With all the commotion that was going on, the loss
of their dedicated computer- controlled phone links, the sudden
interest Teddy and the others had been paying to the smoking area,
and Kevin’s heart attack, she wasn’t sure where to go. The smoking
area was out of the question, leaving the ladies’ room as the only
viable option. While Norman, Teddy and Cody were in the break room
warming up, she retrieved her purse from her desk and slipped into
the ladies’ room.

Lowering the toilet seat, she sat down and rummaged
through her pocketbook. She knew she had some smokes left, at least
half a pack, unless… No, she’d been keeping an eye on the others.
There had been some times in the past when her so-called
co-workers, short on cash but long on need, had slipped a few out
of her purse when she was busy elsewhere.

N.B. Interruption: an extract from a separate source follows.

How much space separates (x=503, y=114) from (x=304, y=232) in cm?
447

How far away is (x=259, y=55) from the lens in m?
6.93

Her fingers brushed against the cellophane packaging
and she withdrew the partially crushed package that still contained
five smokes. Not enough for a whole night but she would have to
make due. She should have stopped for more before coming in but the
parking lot of the Pick & Go convenience store that supplied
her habit had not been plowed and she hadn’t wanted to take a
chance on getting stuck.

She removed one of the crinkled smokes and slipped
the filtered end between her lips. As she did the memory of her
aunt stirred in the back of her mind. Aunt Dee was her mom’s only
sister and until she had gotten sick she was always at the house,
doting over Andrea and her brother. There was no reason to be
thinking about her now, but the memory of that last day blossomed
in her mind.

She was once again ten, being led down the hospital
corridor by her mother and father, one hand firmly grasping her
brother’s. Edward was crying; he was two years younger than she
was, and the hospital corridor with its bright lights was a
frightening place. Everything around them seemed oversized and
scary. Nurses, doctors and patients crowded the hallway. Some of
the patients sat in wheelchairs, with IV bottles suspended behind
them, attached to their arms via a clear plastic tube.